Regardless of the delay, we see mobile money services taking off within the region, with the most potential among the unbanked. To achieve success in this market segment, payment service providers (banks, mobile operators, or third party payment service providers) will have to create a compelling value proposition for end users, ultimately one that saves them money. Mobile money doesn’t compete with credit card services or other financial instruments – it competes with cash. To convince a person of any socio-economic status to put hard cash into a mobile wallet, you need to provide a compelling reason.

In the Philippines, the Rural Banking Association of the Philippines (RBAP) and Microenterprise Access to Banking Services (MABS) have been particularly successful in developing microfinance services on the G-Cash platform that provide real cost and time savings to the microenterprise clients that use them. G-Cash customers can use their mobile wallet to make microloan payments, pay bills, make purchases and send money to relatives and friends. They have successfully identified an end user “pain point” and solved it with mobile wallet services.

Mobile operators in Latin America appear to have chosen the person to person money transfer service as a most compelling end user use case. Paraguay has served as a test bed for Luxembourg-based mobile operator Millicom with its Tigo Cash (Giros Tigo) mobile wallet system which will be expanded to the rest of its Central and Latin American properties in 2011. Tigo Cash has primarily focused on domestic remittances as a particular ‘pain point’ for customers in the region.

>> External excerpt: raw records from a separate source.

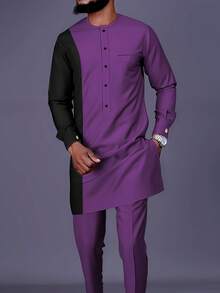 Men's Casual Long-Sleeved Two-Piece Suit, Mid-Length Top And Trousers - Màu tím - Xem 1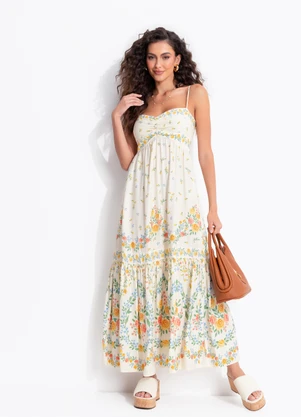 Farm - Vestido Longo Alcinha Aurora Bege - FARM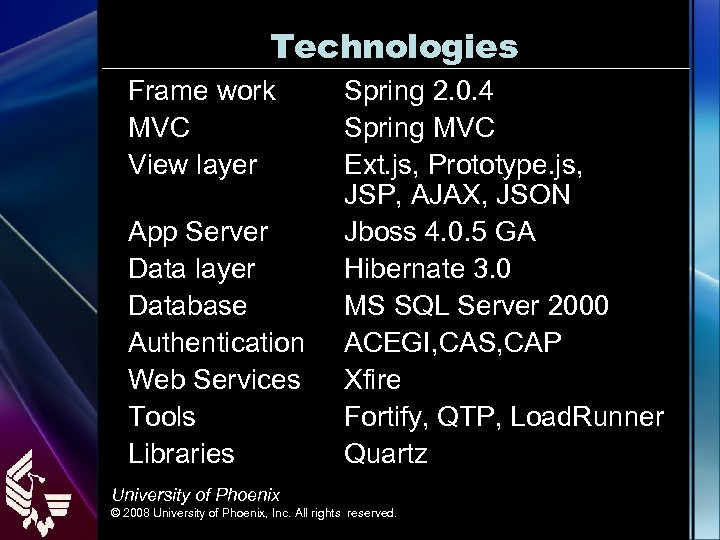 Technologies Frame work MVC View layer App Server Data layer Database Authentication Web Services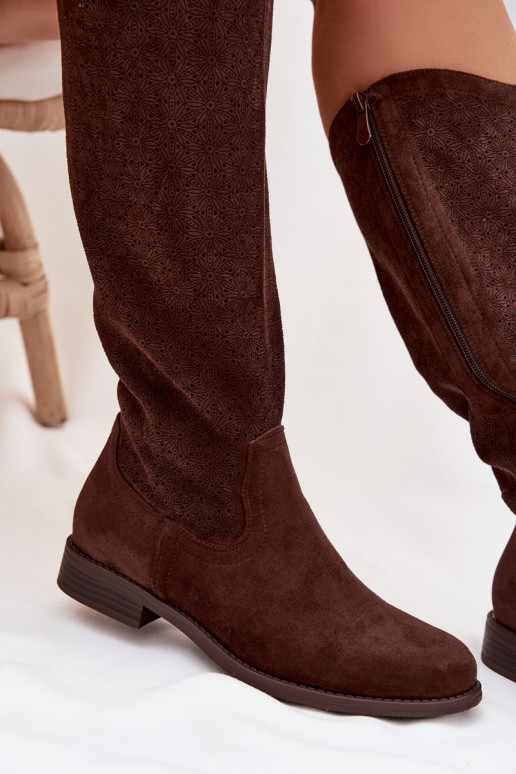 moteriški ilgaauliai batai su ažūro elementais su plačiais kulniukais S.Barski HY61-8022 CzekoladoĮe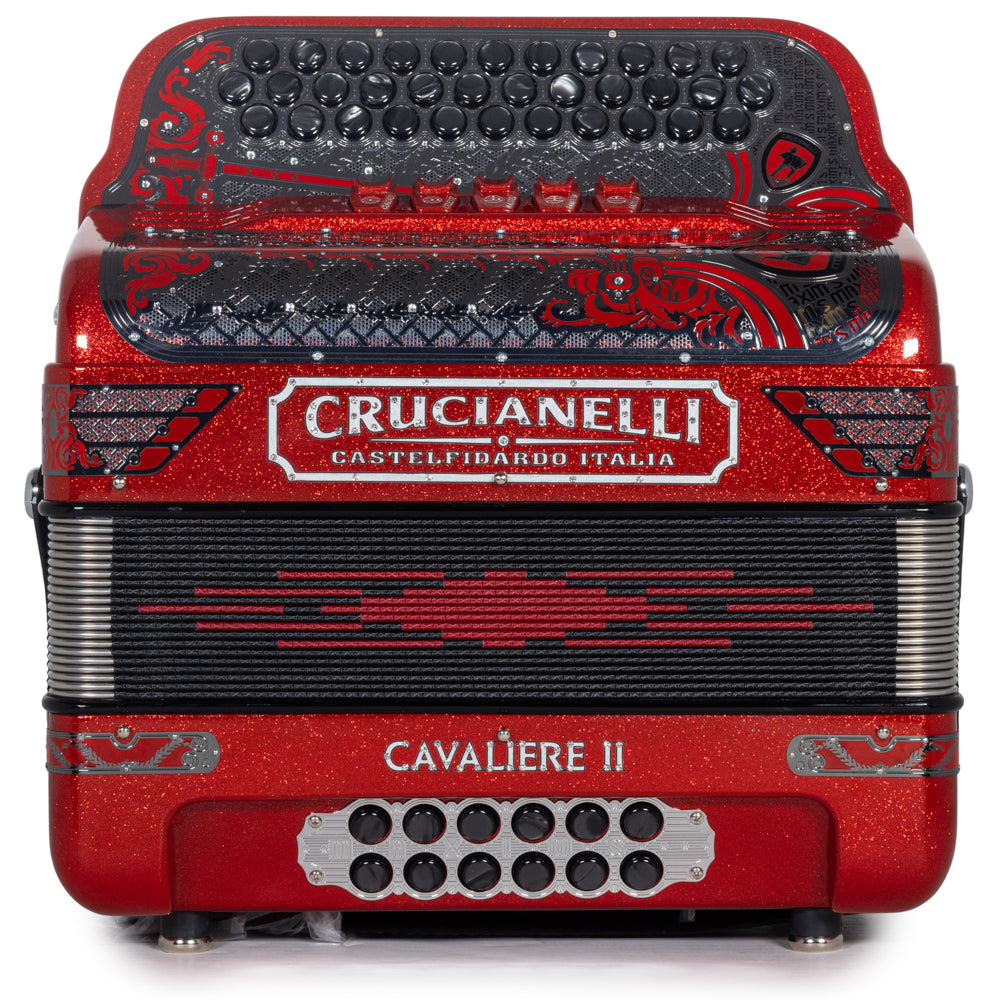 Crucianelli Cavaliere II 5 Switch EAD Accordion in Red Glitter with Silver Details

At the same time, there are several initiatives being brewed by governments in Latin America for social benefits disbursements using mobile money as a vehicle to do it effectively. Other private micro-finance institutions, with the help of international organizations, are planning to launch mobile micro-finance programs in countries like Peru, Colombia, Ecuador, Mexico, and Central America. These government initiatives coupled with the private mobile micro-finance will help to ‘kick start’ the lifting of the wallet barrier, and will provide a cost effective method of distributing these benefits and financial programs.

2011 promises to be the year of mobile money launches in Latin America, a year of catching up. The regulatory environment will continue to evolve and provide clearer commercial frameworks for financial services. Commercial deployments will finally take place in multiple countries of the region and the unbanked may finally have access to this powerful means of financial inclusion.